CamGrid

The University of Cambridge's federated computational grid

CamGrid is a distributed computing resource based on the Condor middleware, and provides a powerful computational tool for participating university members. These pages describe the facilities available and how Cantabrigians can gain access to them.

CamGrid was conceived by a number of departments and groups within the university who federated their computational facilities. These could be desktops or dedicated machines, possibly behind different firewalls, and using public or private IP addresses. CamGrid mainly caters for serial (single-threaded) applications, but can also handle "small" parallel/MPI jobs. This model has been running since January 2005, with each institution maintaining its own Condor pool, so the grid consists of flocked pools. CamGrid is coordinated by Mark Calleja.

Documentation and Tools

  • Technical details of CamGrid can be found here. These include an architectural overview, examples of machine configuration, monitoring tools, usage figures, information on how to join and various tutorials for using different aspects of the grid.
  • Early experiences of setting up CamGrid using a VPN are described in this paper. Note that CamGrid no longer uses a VPN, but RFC 1918 (known locally as CUDN-only routeable) addresses as described in the technical details section.
  • Manual for Condor v7.4. This is a great place to start learning about Condor. A local copy of the manual (with an added search facility), accessible only from within Cambridge University, can be found here.

Publications

CamGrid is a powerful research tool and has helped its users produce a number of publications, listed here. If your use of CamGrid results in published work then please acknowledge it in the publication and notify me of the details using the email at the foot of this page.

Past CamGrid Events

We have held a number of CamGrid related events in the past, from introductory workshops to scientific showcases. Details of these events, together with the relevant presentations, can be found here.

Demographics

In a survey held in October 2009, CamGrid was shown to have the following user cross-section (information from 130 users):

Undergraduate5.04%
Postgraduate40.34%
Postdoctoral researcher    38.66%
Staff14.29%
Other1.68%

Contacts

If you would like to use CamGrid, then members of participating departments should contact their relevant sysadmin listed here (Raven protected, with a signed certificate by the UK eScience CA). If your department is not listed then consider asking your relevant representative to join the initiative. We are always happy to welcome new groups from within the University, irrespective of academic discipline.



News

23rd August 2010

CamGrid's currently in the process of upgrading its Condor middleware to the latest stable release, namely version 7.4.3. Apologies to users for any service disruptions, and your local sysadmin should be able to tell you how long these will last. Upgrade notes for sysadmins can be found here, whereas the current pool versions can be found here.

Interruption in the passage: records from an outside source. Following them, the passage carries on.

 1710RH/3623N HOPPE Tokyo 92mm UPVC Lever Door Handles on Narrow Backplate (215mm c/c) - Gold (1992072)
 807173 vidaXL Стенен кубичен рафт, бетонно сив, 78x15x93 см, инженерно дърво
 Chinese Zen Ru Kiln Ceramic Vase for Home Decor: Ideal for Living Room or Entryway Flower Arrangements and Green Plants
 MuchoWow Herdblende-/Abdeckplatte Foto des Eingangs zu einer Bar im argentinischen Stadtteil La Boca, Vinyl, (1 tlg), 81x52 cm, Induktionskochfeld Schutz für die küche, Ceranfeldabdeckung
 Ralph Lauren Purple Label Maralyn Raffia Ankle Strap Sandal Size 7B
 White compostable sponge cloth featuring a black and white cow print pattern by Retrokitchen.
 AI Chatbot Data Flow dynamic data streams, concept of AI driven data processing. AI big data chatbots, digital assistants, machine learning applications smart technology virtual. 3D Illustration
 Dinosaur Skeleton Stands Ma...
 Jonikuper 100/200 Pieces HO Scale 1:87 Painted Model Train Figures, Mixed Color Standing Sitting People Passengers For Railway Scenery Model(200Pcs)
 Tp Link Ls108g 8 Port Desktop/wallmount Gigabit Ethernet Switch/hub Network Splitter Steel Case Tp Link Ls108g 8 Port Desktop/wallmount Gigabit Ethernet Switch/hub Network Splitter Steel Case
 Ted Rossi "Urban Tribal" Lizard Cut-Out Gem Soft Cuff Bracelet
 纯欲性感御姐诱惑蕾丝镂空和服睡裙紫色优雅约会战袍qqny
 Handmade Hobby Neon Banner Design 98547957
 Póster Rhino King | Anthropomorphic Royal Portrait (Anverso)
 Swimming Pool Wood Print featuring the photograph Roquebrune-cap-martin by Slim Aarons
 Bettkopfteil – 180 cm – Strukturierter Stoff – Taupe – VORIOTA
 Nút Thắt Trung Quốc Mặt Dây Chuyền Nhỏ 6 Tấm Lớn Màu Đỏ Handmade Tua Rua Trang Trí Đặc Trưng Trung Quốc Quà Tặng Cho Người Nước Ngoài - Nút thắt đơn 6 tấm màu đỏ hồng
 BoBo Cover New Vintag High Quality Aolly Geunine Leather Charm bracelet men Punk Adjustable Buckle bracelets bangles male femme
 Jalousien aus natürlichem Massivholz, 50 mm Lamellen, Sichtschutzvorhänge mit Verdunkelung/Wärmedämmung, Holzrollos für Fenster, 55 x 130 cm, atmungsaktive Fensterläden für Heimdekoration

Example of work carried out on CamGrid

Electronic structure calculations, carried out on CamGrid and involving sweeps of several MPI calculations, have helped explain why the framework material Ag3[Co(CN)6], shown below, exhibits colossal positive and negative thermal expansion. The low temperature structure is on the left, with the high temperature structure on the right.




These findings have been published in Science, 319, p794-797, 8 February (2008).